Clarify Semantics of Assignment in MIR #97567

JakobDegen · 2022-05-30T23:12:59Z

This PR clarifies the semantics of assignments in MIR to match what I suggested here (cc #68364).

The first commit updates documentation to reflect this change.
The second commit updates const eval to use the correct evaluation order. It does not yet update it to also retag the LHS place as unique. It is unclear how to implement this and likely needs a significant refactor, and so might be better left to future work.
The third commit adds utilities to rustc_middle to handle these semantics soundly.
The fourth commit updates InstCombine to be sound in the face of these semantics. I was not able to add a test for this, because without destprop or a similar function pass, there are too many temporaries to set this off. I briefly went through all the other passes, and I did not find anything that might not comply with this (except for dest prop, but that's being fixed elsewhere).

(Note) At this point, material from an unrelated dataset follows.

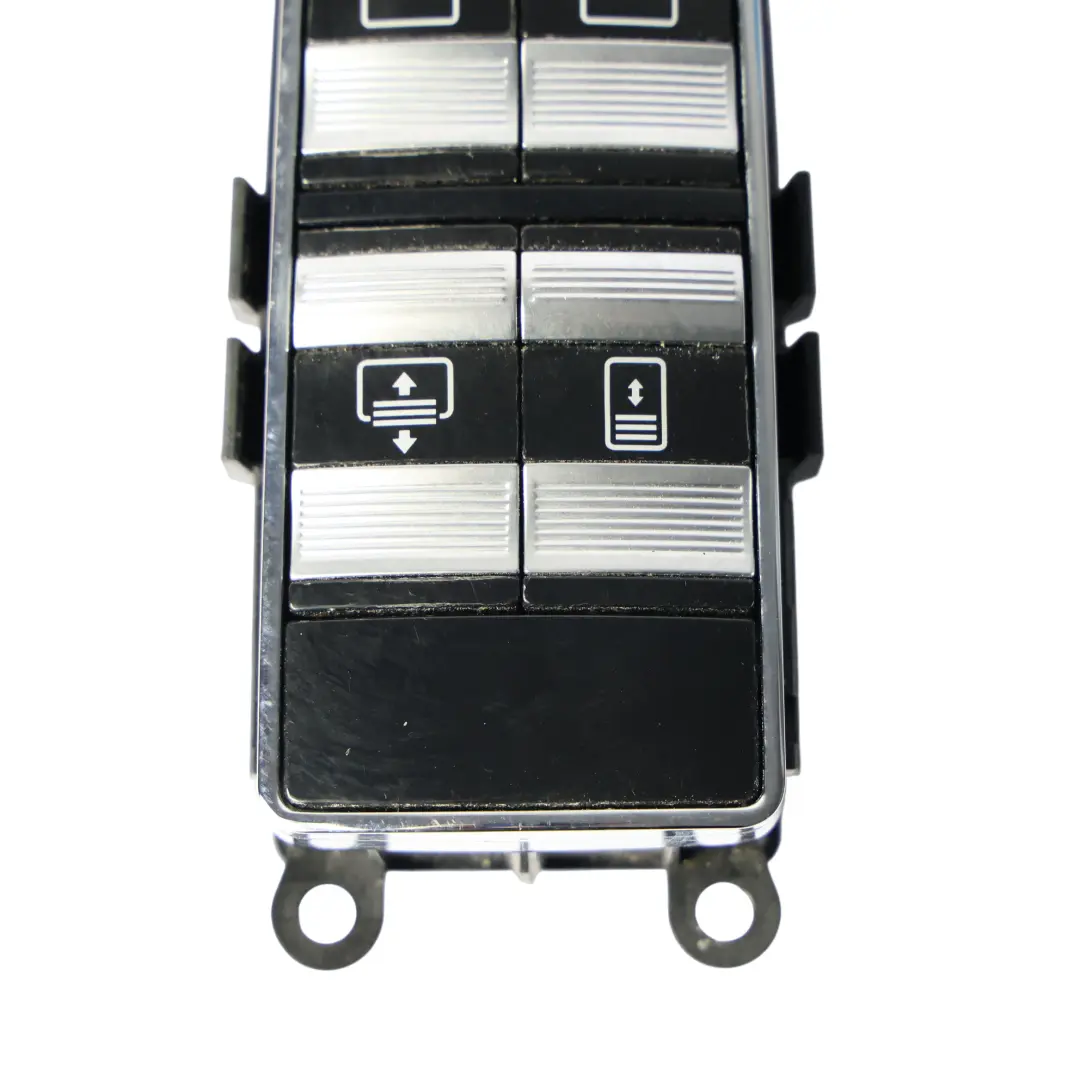 Interrupteur Réglage Vitre Porte Arrière Gauche Droite pour Mercedes W221 à propos du numéro de pièce A2218214751 Mercedes W221 Interrupteur Réglage Vitre Porte Arrière Gauche Droite - SKU A2218214751 - Numéro de pièce A2218214751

@RalfJung expressed some concerns that these semantics might be too subtle/footgunny, and we should instead have an explicit flag on StatementKind::Assign that indicates which version of the semantics the statement gets. This is a tradeoff - it would indeed simplify things for people trying to reason about the semantics. However, it would also be a larger refactor and we'd have to decide whether/how not to support it in borrowck, support it in codegen, etc. Seeing that at least for now the amount of complexity this introduces seems to be minimal, I am personally against such a change until we have more evidence of this causing actual problems.

r? @oli-obk

rust-highfive · 2022-05-30T23:13:02Z

Some changes occured to the CTFE / Miri engine

cc @rust-lang/miri

bors · 2022-05-31T23:59:17Z

☔ The latest upstream changes (presumably #97582) made this pull request unmergeable. Please resolve the merge conflicts.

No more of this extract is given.